I can't be the only one here who has been bugged by this, over the years.

I have always been struck by how Haddonfield changes back and forth between being a suburb and a rural community. Does anybody here have any cool thoughts on this? Like, in the first movie, the town is definitely a suburb. The sheriff even says "Do you know what Haddonfield is, doc? Families, children, lined up in rows up and down these streets." That, my friends, is a suburb. Jamie Lee, especially, comes across as a very suburban chick... the other characters, less so, but still, somewhat.

Then parts two and three are different, for different reasons.

Parts four and five were apparently shot in Utah, and it all seems much, much, much more rural.

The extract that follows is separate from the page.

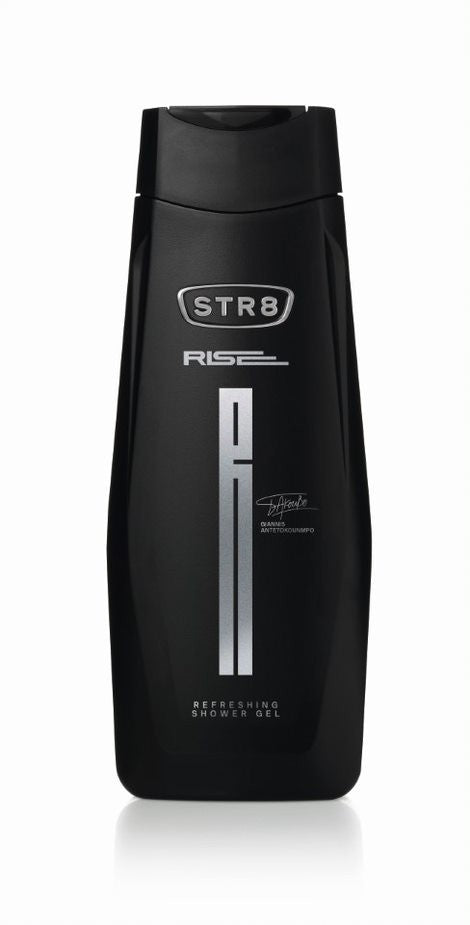 STR 8 Rise Shower Gel 400ml | Vaistine1.lt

There are lots of shots of fields of crops, and also, just what some of the characters are like. Their dialog is like small town people, or rural farm people. I don't know if the actors and actresses had personally spent much time far away from cities, but their lines just seem very rural to me. Then, of course, various scenes in and around barns, and the vigilantes at the end of part four that they were able to scrounge up in just a few minutes... I mean, come on.

Then, in part six, I always thought they kind of split the difference. Haddonfield seems somewhere in the middle, between rural and suburb. Also, apparently it is a college town, with some kind of community college or junior college. The college students might have been supposed to be a little older than traditional college students... early to mid 20's?? I'm not sure. Marianne Hagan's character had a son who was not a toddler.... Anyway, different scenes strike me in different ways, rural versus suburban. The way that dickhead (Mr. Strode) dresses seems like he's got some kind of a white collar job, so that sort of implies suburb.

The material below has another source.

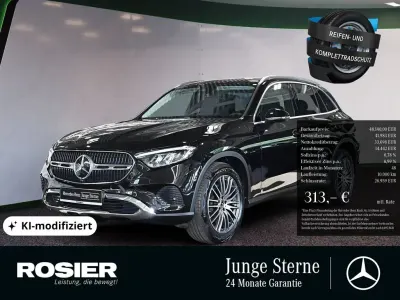 Gebraucht Mercedes GLC220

By the way, it is interesting how Halloween 6 prefigured Scream, in a lot of ways. That Halloween festival had a very Scream-like feel to it. Just the way they talked about Michael Myers, and horror... it also prefigured Halloween 8 (Resurrection) at least in the sense of that local access TV show. It was similar to what Busta Rhymes had going on, in Resurrection.

Anyone have anything to say about any of this? Agree, disagree, call me a mindless bastard and storm off pissed as all hell? Whatever, it's all good.

All these things are more mixed up in today's world, in some ways, but I don't think they were as mixed up in the 70's, 80's, and 90's.